Methodology

This project is seeking to identify all instances since 1500 in which a rising power threatened to displace a major ruling power. The current Case File includes 16 examples. In identifying and summarizing these cases, we have followed the judgments of leading historical accounts—specifically resisting the temptation to offer original or idiosyncratic interpretations of events.  We began with broad historical summaries including William Langer (An Encyclopedia of World History), William McNeil (The Rise of the West: A History of the Human Community), AJP Taylor (The  Struggle for Mastery in Europe: 1848–1918), Brendan Simms (Europe: The Struggle for Supremacy from 1453 to the Present), and Paul Kennedy (The Rise and Fall of the Great Powers), as well as political science reviews, including Robert Gilpin (War and Change in World Politics) and Jack Levy (War in the Modern Great Power System). Noting all cases in which they identify competition between major rising and ruling powers, we then compared their views with leading accounts of each case (and cite these accounts in each case). Where there were significant differences in interpretation, we have relied on The New Cambridge Modern History as referee.

These histories use “rise” and “rule” as conventionally defined, along with synonyms emphasizing rapid shifts in relative economic and military strength. Most of the cases come from post-Westphalian Europe, although we start our analysis with the Portugal-Spain rivalry that resulted in the 1494 Treaty of Tordesillas. In doing so, we essentially follow the rationale of Levy’s War in the Modern Great Power System, which itself follows a long line of historians in dating the beginning of the “modern system” recognizably in place today to the end of the fifteenth century. Of the 95 inter-state wars since 1816 listed in the Correlates of War Project dataset, six qualify by our criteria.

In Phase II of the project, now underway, we are seeking to identify additional cases—including cases of hegemonic challenges in regional competitions or among less-than-major powers.
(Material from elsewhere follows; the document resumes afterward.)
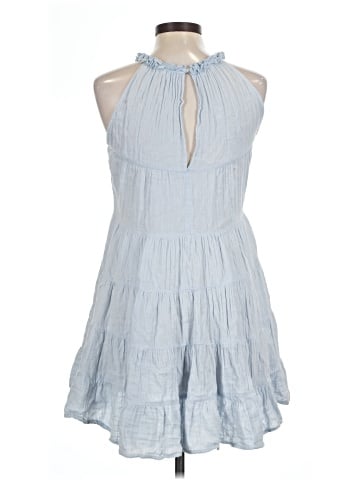 Elan Casual Dress (view 2)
We are also assembling a catalogue of metrics of national power and searching for data to provide more quantitative indicators of “rise” and “rule.” Because this is very much a “work in progress,” additions, suggestions, criticism, and comments are not just invited, but welcomed.

The use of historical cases for controlled comparison is methodologically complex. Issues include criteria for selection, clarity of independent variables, clarity of dependent variables, and relative weight of similarities vs. differences among cases. For a thoughtful discussion of these issues, we recommend Alexander George and Andrew Bennett, Case Studies and Theory Development in the Social Sciences; Steven Van Evera, Guide to Methods for Students of Political Science; Gary King, Robert Keohane, and Sidney Verba, Designing Social Inquiry: Scientific Inference in Qualitative Research; and the Oxford Handbook of Political Methodology.

We have attempted to include all instances since 1500 in which a major ruling power is challenged by a rising power. In technical terms, we sought not a representative sample but the entire universe of cases. Therefore, as the Oxford Handbook of Political Methodology notes: “Insofar as comparative-historical researchers select what can be considered the entire universe of cases, standard issues of selection bias do not arise.”

In social science terminology, the independent variable in this study is a rapid shift in the balance of power (correlation of forces) between a major ruling power and a rising rival that could displace it. Dominance/primacy/leadership can be in a geographical area (e.g., continental Europe in the 16thcentury for the Hapsburgs) or in a particular domain (e.g., Britain’s control of the seas in the 19thcentury). The dependent variable in this inquiry is war, defined according to the standard criteria in the Correlates of War Project as military conflict causing a minimum of 1,000 fatalities per year.

A larger methodological problem for this inquiry is the absence of established metrics for assessing “national power” or the “balance of power.” These terms are regularly used in histories and political science analyses, as well as policy discussions. Yet there are no agreed-upon metrics of national power. Economic capability reflected in GDP provides a substructure for national power. But asking whether state A can cause state B to take actions that it would not otherwise have taken (or forgo actions that it would otherwise have chosen) requires combining judgments about a number of additional factors, including scientific, technical, and organizational infrastructure, and the ability of each state’s government to translate these factors into actions. In such assessments, it is not possible to avoid also making judgments about culture or propensities (for innovation, sacrifice, strategy, or fighting), the authority and competence of governments, ideology (that attracts or repels), and even statecraft.

In addition to objective metrics about one state’s rise relative to another, an important factor in our analysis is subjective perception. For Thucydides, it was not just the rise of Athens, but “the fear that this instilled in Sparta” that led to war. Thus, as we are assembling yardsticks of national power and the best historical data relevant to these metrics, we are also exploring ways to assess how objective changes are reflected in subjective perceptions of power.